Je pourrais être sans mots, me perdre dans un univers cybernisant où se mélangent la lune et le soleil, les arbres et les loups. Je pourrais me gaver de labyrinthes et d'algorithmes, mon esprit complètement embrasé par les couleurs inventées par un robot qui gobe tout, se rappelle de tout et me le résume selon ce que j'ai le goût de vivre et de manger.

Je pourrais me noyer si je ne fais pas attention dans une flaque d'images illusoires et sans lendemains. Pluton accapare déjà mon esprit. Il survole son océan de lave, ses longues ailes pures et blanches murmurant de la neige.
Je peux dire n'importe quoi, j'essaie de comprendre mes humeurs et de donner un sens à travers des doigts qui se meuvent au-dessus d'un plastique clavier. Je tends l'oreille, j'écoute mon existence.

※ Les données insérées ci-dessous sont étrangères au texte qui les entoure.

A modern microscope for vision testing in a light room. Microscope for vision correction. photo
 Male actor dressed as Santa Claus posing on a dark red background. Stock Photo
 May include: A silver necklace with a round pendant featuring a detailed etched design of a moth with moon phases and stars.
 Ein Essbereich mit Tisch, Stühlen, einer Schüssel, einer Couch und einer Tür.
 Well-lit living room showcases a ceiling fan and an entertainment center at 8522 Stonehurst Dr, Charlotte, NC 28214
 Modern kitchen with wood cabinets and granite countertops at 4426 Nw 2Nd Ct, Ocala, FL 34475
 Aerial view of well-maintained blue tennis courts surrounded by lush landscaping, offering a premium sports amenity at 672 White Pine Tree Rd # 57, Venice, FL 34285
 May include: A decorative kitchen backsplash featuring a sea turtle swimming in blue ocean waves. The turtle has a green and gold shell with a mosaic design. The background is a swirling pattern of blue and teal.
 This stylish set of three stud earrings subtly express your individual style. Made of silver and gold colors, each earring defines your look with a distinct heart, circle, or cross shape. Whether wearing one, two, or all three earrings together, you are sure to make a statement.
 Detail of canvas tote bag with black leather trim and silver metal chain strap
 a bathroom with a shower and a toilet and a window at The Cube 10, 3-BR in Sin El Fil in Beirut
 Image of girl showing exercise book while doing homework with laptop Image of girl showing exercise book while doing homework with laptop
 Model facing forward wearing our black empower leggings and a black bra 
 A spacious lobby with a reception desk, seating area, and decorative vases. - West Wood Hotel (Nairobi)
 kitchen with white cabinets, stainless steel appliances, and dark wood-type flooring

Et je me demande si les moines au haut de leur Tibet font semblant de méditer lorsqu'ils rêvent. Touchent-ils de leurs désirs le diamant opaque de la Connaissance? Ou l'inverse survient, leurs sens tuméfiés guidant leurs fantasmagories? Qu'est-ce qui importe, de savoir ou d'aimer? Puis-je vivre les deux? Est-il vain de le souhaiter?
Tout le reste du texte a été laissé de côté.